Access control based on policies that refer to user identities. Referring to individual users in a policy works best within closed organization

32
Q

What’s mandatory access control (MAC)?

A

Access control based on policies that refer to security labels (confidential, top secret,…).

33
Q

Name an alternative to DAC.

A

Identity based access control (IBAC).

34
Q

What’s the cons of IBAC?

A

IBAC doesn’t scale well and will incur an identity management overhead.

35
Q

What’s groups?

A

Intermediate layer between users and objects.

36
Q

What can be used to handle access control exception?

A

Negative permissions.

37
Q

What’s a negative permission?

A

A negative permission is an entry in an access control structure that specifies the access operations a user is not allowed to perform.

38
Q

Define Role.

A

A role is a collection of procedures assigned to user.a user can have more than one role and more than one user can have the same role.

39
Q

Define procedures.

A

Procedures are ‘high-level’ access control methods with a more complex semantic than read or write.

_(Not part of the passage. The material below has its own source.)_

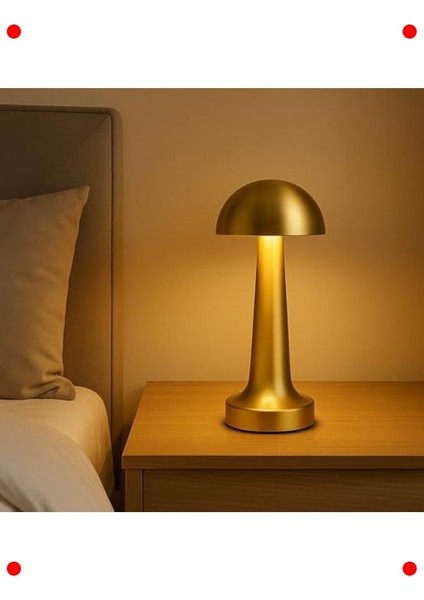 Şarjlı Dokunmatik LED Masa Lambası - 3 Renk Seçeneği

Procedures can only be
applied to objects of certain data types.
Example: funds transfer between bank accounts.

40
Q

Where is Role Based Access Control (RBAC) found?

A

Application level.

41
Q

What’s Role Hierarchies ?

A

Role hierarchies define relationships between roles; senior role has all access rights of the junior role.

42
Q

What are the levels of RBAC?

A

1) flat RBAC:
* users are assigned to roles,
* permissions are assigned to roles,
* users get permissions via role membership,
* support for user-role reviews.

2) hierarchical RBAC: adds support for role hierarchies
3) constrained RBAC: adds separation of duties
4) symmetric RBAC: adds support for permission-role reviews (can be difficult to provide in large distributed systems).

43
Q

What are protection rings used for?

A

Protection rings are mainly used for integrity protection.

44
Q

What’s a protection rings?

A

Each subject (process) and each object is assigned a number, depending in its importance. Numbers correspond to concentric protection rings, ring 0 in center gives highest degree of protection. If a process is assigned a number i, we say the process “runs in ring i”. Access control decisions are made by comparing the subject’s and object’s ring.

45
Q

How does policy instantiation work?

A

When developing software you will hardly know who will eventually make use of it. At this stage, security policies cannot refer to specific user identities. A customer deploying the software may know its “authorized” users and can instantiate a generic policy with their respective user identities. Generic policies will refer to ‘placeholders’ principals like owner, group, others. Reference monitor resolves values of ‘placeholders’ to user identities when processing an actual request.